Indiana Jones and the Secret of the Lost Plot


Last weekend I finally got round to watching the latest, and hopefully last, Indiana Jones movie. I bought it off eBay for £2 and afterwards I felt like asking for my money back. It was so bad the better half said we should have watched the X Factor instead. The only good thing in it was Indy, who shows he's a strong character by surviving bad scripting, inept direction and poorly constructed CGI. Harrison Ford plays it right, accepting he's aged, but he struggles whenever he has to spout some of the worst dialogue I've ever heard.

The story was in development hell for ten years, although clearly it never emerged. In the 1950s Russian soldiers defy the Red paranoia to break into a top secret American military base, guarded by three deadmeats, on the eve of an atomic explosion. They're searching for Roswell artefacts that contain important secrets that nobody is studying. Indy is there and after dodging several hundred bullets, for the first and not the last time, he escapes, but not before the Russians steal an alien body. Then an atom bomb explodes fifty yards away and Indy survives by hiding in a fridge. This has been reviled as being the worst adventure idea ever, and it is, summing up everything that's wrong with this film. It replaces proper story-telling with CGI and says nothing matters any more, not the characters, not the story. Instead the makers work out what they can do with CGI and the story and characters follow on behind, no matter how implausible it appears or how unlikely it is that the person would act that way.

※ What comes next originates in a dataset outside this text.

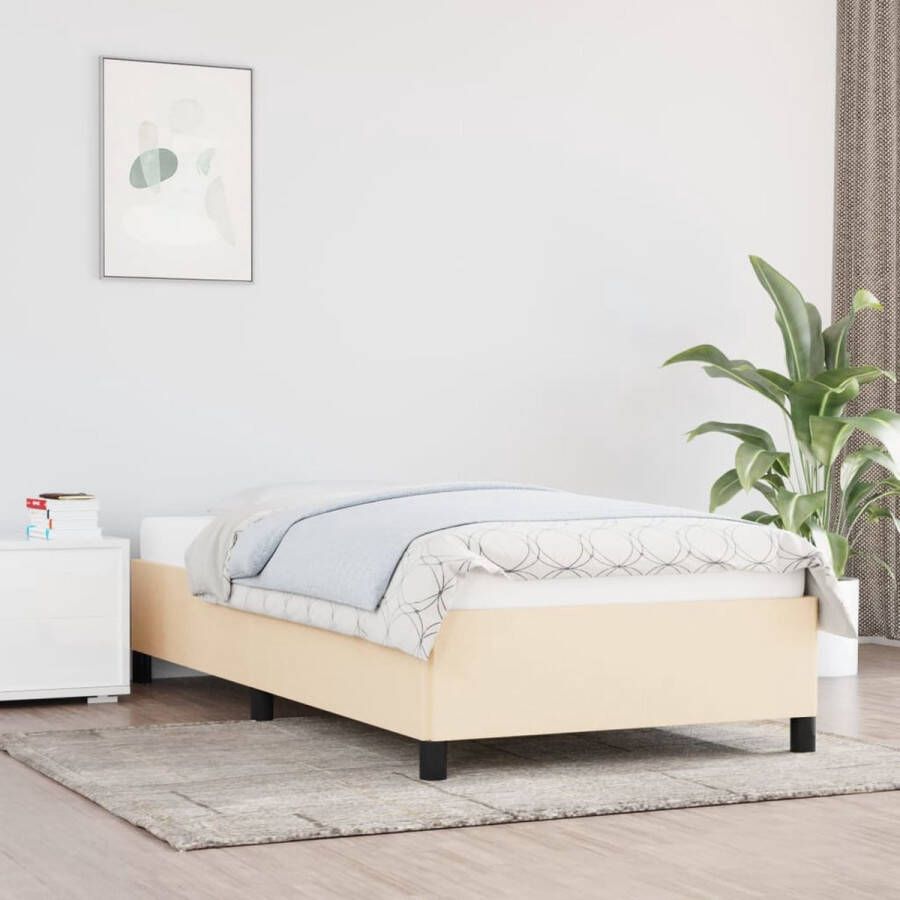 The Living Store Bedframe Duurzaam Bedframes Afmetingen- 203 x 93 x 35 cm Kleur- Crème Materiaal- Stof Multiplex Bedframe Houten Bedframe Tweepersoons Bedframe Creme Kleurtone Bedframe Stoffen Bedframe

After surviving the bomb, Indy visits exotic locations with side-kick Mutt, who arrives on a bike Brando style, but who is so lacking in attitude if someone asked him what he was rebelling against he'd mumble, what's a rebel? They wander around unconvincing old places firing brain-numbing dialogue at each other about crystal skulls and lost cities in the hope they'll convince us something important is going on. They fail. Indy doesn't care about the skulls. Previously he cared about the Ark and the kids and the Holy Grail. Here he just goes on a quest because he has nothing better to do. As he doesn't care, neither did I.

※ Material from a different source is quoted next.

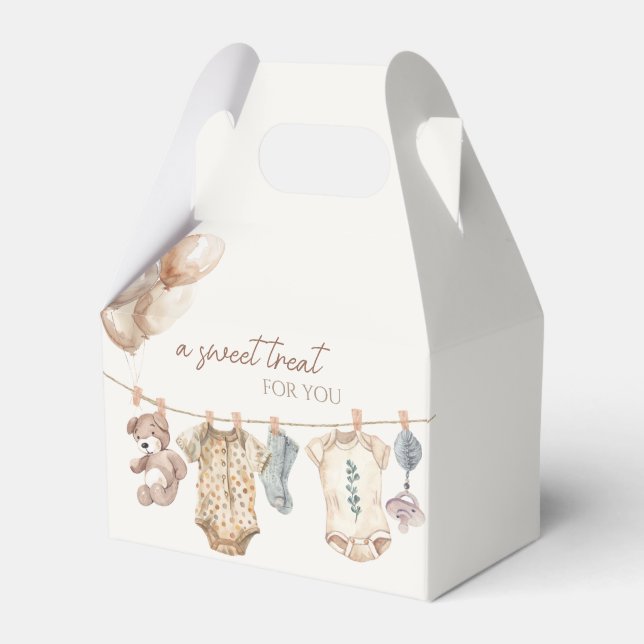 Soft Boho Neutral Baby Clothes Baby Shower Favor Box (Front Side)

Worse, the story is interrupted by tedious action set-pieces, all with the same rhythm: machine gun-toting Russians surround Indy. He runs away on a dodgy pretext. The baddies fire enough slugs to massacre a continent. Indy survives by running quickly, then defeats a random peril of the kind that are used to cheer up dull sections of computer games. Then he's recaptured, but they don't kill him, and we start again. Eventually a group forms that's so large there's not enough dialogue and scenes to go round, making it impossible to care about anybody: There's Cate Blanchett's bad but unthreatening Russian with a weird haircut and weird accent. Ray Winstone with an even weirder accent playing the worst character of a double-treble-quadruple-oh who cares agent. John Hurt spouts gibberish because he's gone insane, although it's hard to tell as everyone's dialogue is gibberish. Most annoyingly Karen Allen reprises her earlier role, although it's a token revisit as her character is completely different. And there's several dozen stunt henchmen who exist only to get killed.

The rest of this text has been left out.